Ella has exhausted me this summer. Between her and the three-legged wonder dog, I think this house has gone significantly down in value. Not that we’re thinking of selling anytime soon.
Kids across this suburban landscape are headed back on the big yellow bus next Wednesday. When I think of Ella getting on that bus, I get a little anxious. And by anxious I mean that I burst into tears and hide in a closet.
Ella is doing great! Ella is thriving! Ella has not had any speech therapy this summer because she showed no signs of regression throughout the year! Ella’s hearing is perfect! Her hearing loss was due to chronic fluid build-up, which seems to have resolved itself.
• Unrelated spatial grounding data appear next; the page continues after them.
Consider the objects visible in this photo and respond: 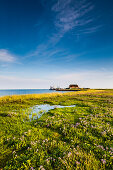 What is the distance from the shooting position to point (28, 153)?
15.1 feet

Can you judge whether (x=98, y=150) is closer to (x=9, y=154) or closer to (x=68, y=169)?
(x=68, y=169)

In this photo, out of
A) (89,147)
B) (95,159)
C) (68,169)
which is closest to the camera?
(68,169)

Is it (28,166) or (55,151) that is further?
(55,151)

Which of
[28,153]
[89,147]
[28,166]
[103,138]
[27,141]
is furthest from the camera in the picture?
[103,138]

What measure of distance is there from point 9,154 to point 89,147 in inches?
181

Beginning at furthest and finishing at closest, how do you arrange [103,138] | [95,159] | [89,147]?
[103,138], [89,147], [95,159]

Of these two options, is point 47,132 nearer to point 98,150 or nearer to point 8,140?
point 8,140

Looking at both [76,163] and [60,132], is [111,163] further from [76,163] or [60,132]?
[60,132]

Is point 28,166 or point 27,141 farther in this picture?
point 27,141

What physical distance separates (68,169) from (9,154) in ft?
10.8

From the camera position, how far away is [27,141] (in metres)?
5.57

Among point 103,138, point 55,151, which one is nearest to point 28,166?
point 55,151

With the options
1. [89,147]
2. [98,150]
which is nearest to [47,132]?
[89,147]

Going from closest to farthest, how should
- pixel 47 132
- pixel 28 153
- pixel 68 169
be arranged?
pixel 68 169, pixel 28 153, pixel 47 132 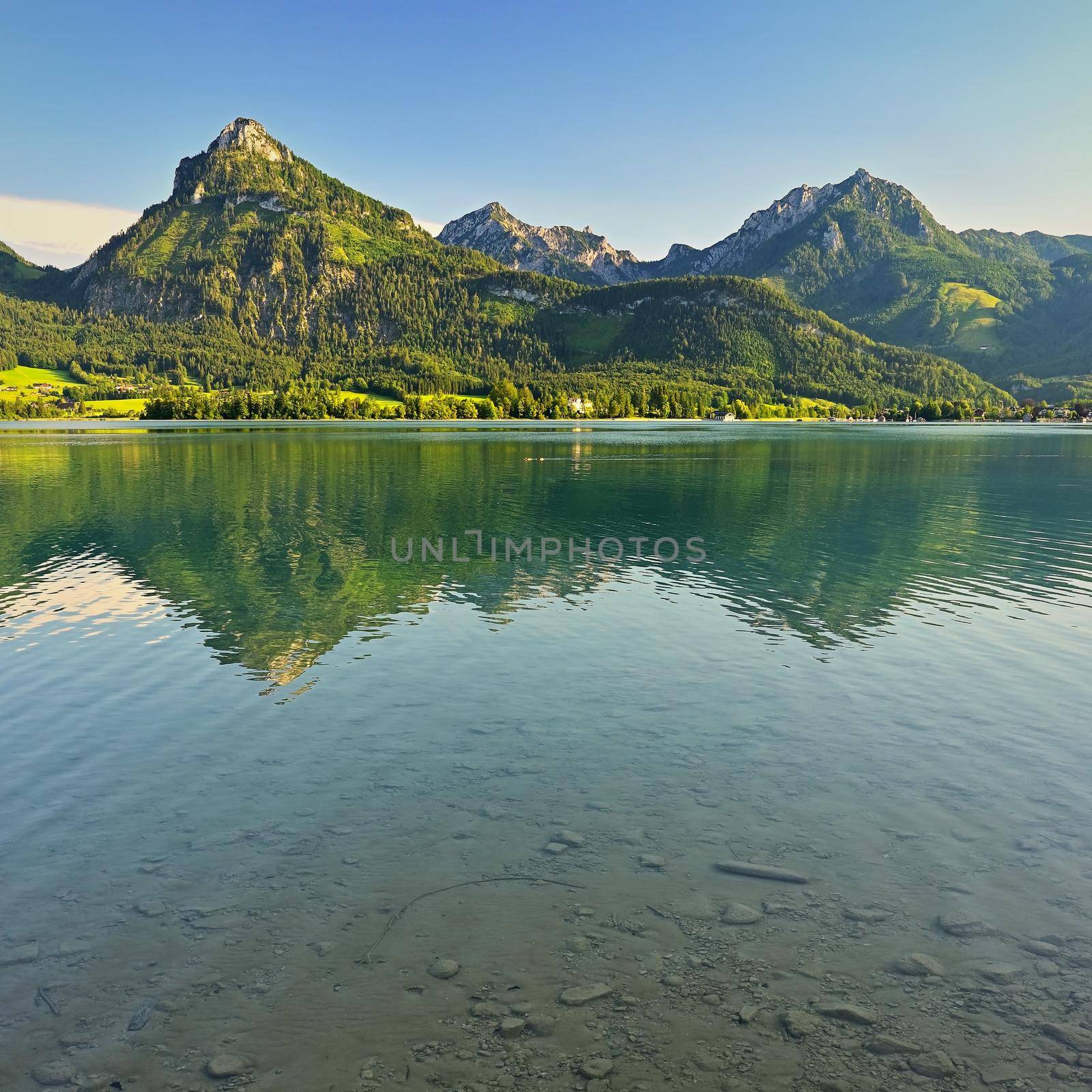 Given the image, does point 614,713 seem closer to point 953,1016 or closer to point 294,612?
point 953,1016

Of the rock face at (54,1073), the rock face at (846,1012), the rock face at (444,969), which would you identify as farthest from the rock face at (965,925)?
the rock face at (54,1073)

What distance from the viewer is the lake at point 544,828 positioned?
393 inches

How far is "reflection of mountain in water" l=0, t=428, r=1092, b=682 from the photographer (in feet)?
113

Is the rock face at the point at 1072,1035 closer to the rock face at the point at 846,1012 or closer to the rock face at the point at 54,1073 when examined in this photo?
the rock face at the point at 846,1012

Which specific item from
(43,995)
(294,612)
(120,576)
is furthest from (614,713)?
(120,576)

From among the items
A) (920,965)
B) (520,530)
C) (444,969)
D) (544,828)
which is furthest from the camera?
(520,530)

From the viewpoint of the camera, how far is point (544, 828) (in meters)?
15.4

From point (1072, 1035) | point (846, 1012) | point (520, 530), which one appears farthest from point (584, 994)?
point (520, 530)

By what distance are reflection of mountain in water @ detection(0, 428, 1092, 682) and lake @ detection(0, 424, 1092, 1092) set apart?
63 centimetres

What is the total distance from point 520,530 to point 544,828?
39.7m

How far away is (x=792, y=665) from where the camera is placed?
85.5ft

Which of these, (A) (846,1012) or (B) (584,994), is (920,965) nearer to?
(A) (846,1012)

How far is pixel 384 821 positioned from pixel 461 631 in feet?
49.1

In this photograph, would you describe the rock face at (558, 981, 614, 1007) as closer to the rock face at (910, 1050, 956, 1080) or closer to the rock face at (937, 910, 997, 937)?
the rock face at (910, 1050, 956, 1080) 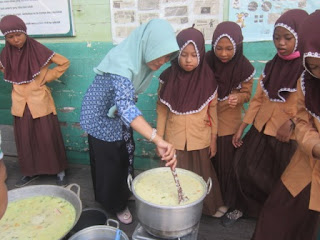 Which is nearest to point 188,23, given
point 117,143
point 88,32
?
point 88,32

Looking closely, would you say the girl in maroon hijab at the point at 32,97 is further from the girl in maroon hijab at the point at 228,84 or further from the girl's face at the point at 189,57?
the girl in maroon hijab at the point at 228,84

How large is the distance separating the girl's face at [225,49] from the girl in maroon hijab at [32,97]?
70.8 inches

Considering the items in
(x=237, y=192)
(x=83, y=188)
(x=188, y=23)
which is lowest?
(x=83, y=188)

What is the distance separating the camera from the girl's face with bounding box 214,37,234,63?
7.80 ft

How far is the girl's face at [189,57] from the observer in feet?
7.49

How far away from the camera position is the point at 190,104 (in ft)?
7.90

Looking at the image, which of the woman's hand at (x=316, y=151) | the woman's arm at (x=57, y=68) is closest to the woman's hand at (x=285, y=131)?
the woman's hand at (x=316, y=151)

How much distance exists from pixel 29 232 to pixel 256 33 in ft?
8.71

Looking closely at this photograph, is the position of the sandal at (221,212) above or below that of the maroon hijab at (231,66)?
below

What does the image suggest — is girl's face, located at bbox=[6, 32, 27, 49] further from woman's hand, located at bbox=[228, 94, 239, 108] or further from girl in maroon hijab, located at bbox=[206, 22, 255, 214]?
woman's hand, located at bbox=[228, 94, 239, 108]

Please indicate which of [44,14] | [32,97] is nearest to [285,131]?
[32,97]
Ella still has a “severe’ speech delay. She talks. A lot. You just can’t be sure what she’s saying. My friends smile and nod politely when Ella speaks, in an animated fashion, about her small, important life. She finishes her speeches with a jump and skips away, happy as a clam.
“Did she say hairspray?” my friend asks.
"I dunno. Maybe.” I pause. I rush to my bathroom.
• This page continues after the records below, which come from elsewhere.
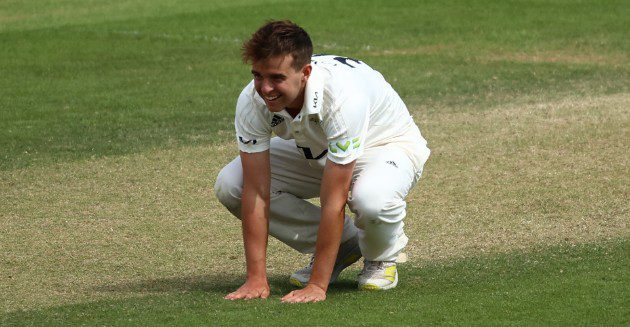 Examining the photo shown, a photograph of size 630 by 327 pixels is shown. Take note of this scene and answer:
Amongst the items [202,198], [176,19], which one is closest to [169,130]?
[202,198]

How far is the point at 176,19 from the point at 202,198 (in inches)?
400

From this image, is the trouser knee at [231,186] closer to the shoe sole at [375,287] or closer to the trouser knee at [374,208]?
the trouser knee at [374,208]

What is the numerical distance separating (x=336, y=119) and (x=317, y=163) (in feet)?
2.01

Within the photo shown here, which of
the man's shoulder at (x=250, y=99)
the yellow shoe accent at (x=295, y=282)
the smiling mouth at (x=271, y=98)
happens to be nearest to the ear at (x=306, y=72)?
the smiling mouth at (x=271, y=98)

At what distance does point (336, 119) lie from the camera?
629 cm

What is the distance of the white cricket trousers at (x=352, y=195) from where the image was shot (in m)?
6.57

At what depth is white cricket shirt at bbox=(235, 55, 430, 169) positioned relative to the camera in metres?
6.29

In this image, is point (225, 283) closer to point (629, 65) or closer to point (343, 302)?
point (343, 302)

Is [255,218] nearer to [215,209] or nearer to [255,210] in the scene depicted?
[255,210]

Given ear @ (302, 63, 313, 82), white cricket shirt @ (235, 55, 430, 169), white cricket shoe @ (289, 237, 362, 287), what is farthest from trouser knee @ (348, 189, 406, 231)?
ear @ (302, 63, 313, 82)

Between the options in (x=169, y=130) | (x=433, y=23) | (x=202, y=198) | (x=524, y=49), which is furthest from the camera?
(x=433, y=23)

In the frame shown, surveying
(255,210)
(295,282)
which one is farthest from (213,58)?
(255,210)

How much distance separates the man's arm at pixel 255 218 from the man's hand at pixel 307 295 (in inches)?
7.6

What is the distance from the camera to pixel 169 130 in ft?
40.9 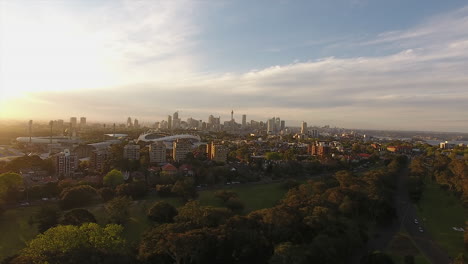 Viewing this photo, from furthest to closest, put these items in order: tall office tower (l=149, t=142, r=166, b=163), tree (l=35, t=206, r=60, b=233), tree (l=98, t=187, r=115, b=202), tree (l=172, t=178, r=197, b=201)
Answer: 1. tall office tower (l=149, t=142, r=166, b=163)
2. tree (l=172, t=178, r=197, b=201)
3. tree (l=98, t=187, r=115, b=202)
4. tree (l=35, t=206, r=60, b=233)

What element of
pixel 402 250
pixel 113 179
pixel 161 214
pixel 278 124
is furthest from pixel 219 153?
pixel 278 124

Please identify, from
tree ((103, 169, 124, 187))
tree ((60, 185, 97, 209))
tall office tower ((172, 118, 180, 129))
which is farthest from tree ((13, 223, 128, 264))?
tall office tower ((172, 118, 180, 129))

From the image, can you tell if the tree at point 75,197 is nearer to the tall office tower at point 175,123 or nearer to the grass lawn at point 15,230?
the grass lawn at point 15,230

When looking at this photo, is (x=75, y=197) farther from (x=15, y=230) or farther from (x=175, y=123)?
(x=175, y=123)

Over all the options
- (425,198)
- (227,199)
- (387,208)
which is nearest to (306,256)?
(227,199)

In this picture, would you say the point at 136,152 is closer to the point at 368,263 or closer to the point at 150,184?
the point at 150,184

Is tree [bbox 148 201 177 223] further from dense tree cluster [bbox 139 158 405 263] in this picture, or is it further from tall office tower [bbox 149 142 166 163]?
tall office tower [bbox 149 142 166 163] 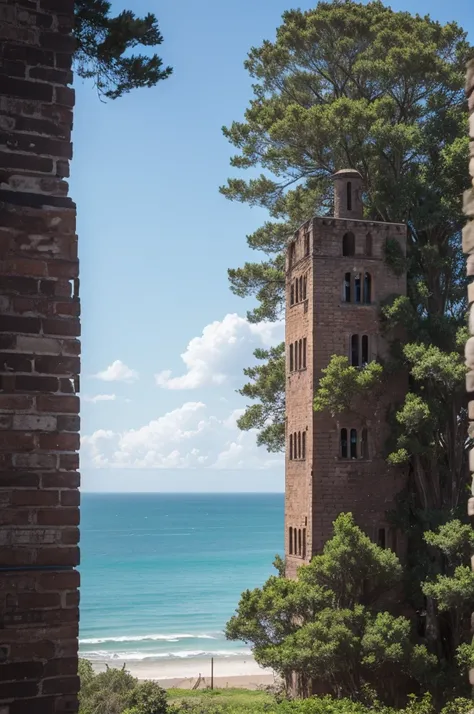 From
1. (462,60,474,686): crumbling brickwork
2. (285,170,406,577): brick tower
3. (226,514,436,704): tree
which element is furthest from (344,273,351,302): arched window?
(462,60,474,686): crumbling brickwork

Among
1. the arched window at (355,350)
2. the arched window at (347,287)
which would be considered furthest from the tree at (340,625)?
the arched window at (347,287)

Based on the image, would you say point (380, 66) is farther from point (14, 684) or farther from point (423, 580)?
point (14, 684)

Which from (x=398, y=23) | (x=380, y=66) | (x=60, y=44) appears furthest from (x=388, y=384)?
(x=60, y=44)

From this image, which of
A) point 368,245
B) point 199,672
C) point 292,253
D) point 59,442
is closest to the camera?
point 59,442

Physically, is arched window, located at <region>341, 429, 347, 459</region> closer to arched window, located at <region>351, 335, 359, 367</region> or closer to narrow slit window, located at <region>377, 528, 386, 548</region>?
arched window, located at <region>351, 335, 359, 367</region>

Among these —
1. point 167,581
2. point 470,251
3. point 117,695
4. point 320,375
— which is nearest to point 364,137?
point 320,375

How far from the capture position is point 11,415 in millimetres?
3027

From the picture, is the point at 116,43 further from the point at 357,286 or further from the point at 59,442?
the point at 357,286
Over the summer my daughter has changed my house from what it was to something so much more colorful. Like a puppy, if you don’t consistently corral this child’s energy, she will use that energy for evil.
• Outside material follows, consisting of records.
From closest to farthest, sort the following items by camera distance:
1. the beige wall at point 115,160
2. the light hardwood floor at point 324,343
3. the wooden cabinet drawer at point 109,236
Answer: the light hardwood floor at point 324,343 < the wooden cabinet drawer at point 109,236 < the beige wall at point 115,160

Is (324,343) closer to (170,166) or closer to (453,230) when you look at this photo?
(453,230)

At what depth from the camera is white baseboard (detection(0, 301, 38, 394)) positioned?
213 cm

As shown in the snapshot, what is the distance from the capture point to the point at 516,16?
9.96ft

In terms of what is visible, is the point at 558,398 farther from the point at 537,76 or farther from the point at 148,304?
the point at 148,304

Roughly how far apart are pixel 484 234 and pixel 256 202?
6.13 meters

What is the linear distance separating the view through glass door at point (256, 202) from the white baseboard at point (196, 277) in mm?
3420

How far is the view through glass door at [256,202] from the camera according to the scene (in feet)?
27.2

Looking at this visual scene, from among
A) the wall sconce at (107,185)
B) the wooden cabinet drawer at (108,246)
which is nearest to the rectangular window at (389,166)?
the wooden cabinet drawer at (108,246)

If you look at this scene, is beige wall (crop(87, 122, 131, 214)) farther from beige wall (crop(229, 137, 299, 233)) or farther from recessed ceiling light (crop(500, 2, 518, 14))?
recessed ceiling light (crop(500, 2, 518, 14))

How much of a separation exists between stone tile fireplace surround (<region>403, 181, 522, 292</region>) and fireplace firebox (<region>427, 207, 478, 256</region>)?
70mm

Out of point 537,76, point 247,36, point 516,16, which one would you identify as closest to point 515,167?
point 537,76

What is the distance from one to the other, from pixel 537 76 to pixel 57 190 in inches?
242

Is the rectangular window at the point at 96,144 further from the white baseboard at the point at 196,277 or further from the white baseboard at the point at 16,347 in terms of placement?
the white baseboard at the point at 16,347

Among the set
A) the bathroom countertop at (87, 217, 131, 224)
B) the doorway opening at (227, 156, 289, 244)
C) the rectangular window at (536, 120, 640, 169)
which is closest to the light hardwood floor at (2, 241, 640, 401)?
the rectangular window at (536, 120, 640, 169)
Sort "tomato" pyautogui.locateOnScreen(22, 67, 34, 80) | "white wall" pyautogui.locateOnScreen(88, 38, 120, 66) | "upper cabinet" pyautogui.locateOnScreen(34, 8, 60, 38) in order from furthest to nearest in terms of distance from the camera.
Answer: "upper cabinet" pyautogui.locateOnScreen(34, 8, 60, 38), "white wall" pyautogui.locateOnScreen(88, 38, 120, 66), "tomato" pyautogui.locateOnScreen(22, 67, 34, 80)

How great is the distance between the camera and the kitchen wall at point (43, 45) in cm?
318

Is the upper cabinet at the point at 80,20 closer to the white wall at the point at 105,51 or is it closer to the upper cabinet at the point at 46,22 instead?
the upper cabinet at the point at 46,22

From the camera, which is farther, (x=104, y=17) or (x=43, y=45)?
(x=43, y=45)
First, she thoughtfully painted her brothers’ bedroom carpet with a variety of watercolors. After much scrubbing, the beige carpet looks like it was tye-dyed.
Last month, she took a sharpie marker to my beige couch. Red sharpie. She spelled Ben’s name on it and drew a man with a disembodied head and rectangular-shaped eyeballs.
I know what you’re thinking. Stop it with the beige.
There was a lot of crayon doodling on walls. Caleb had bouncy-ball making kit. That was a sticky mess, let me tell you what.
There was the bead incident, the sand hoarding incident, and the toothpaste-smearing incident. She decorated her rug, her door, and her vanity mirror with blue, sparkly Crest.
She took a large, fully loaded orange pixie stick and dumped in on her carpet. Pixie sticks, apparently, stain beige carpets.
Her hair has yet to recover from the great summer haircut of 2012.
I’m exhausted.
I'm learning, at a snail's pace, to let things go.
I will never have a Pottery Barn house. It will it ever be spanking clean. That’s not me. That’s not us. I’m not good at it- housekeeping- I don’t like it.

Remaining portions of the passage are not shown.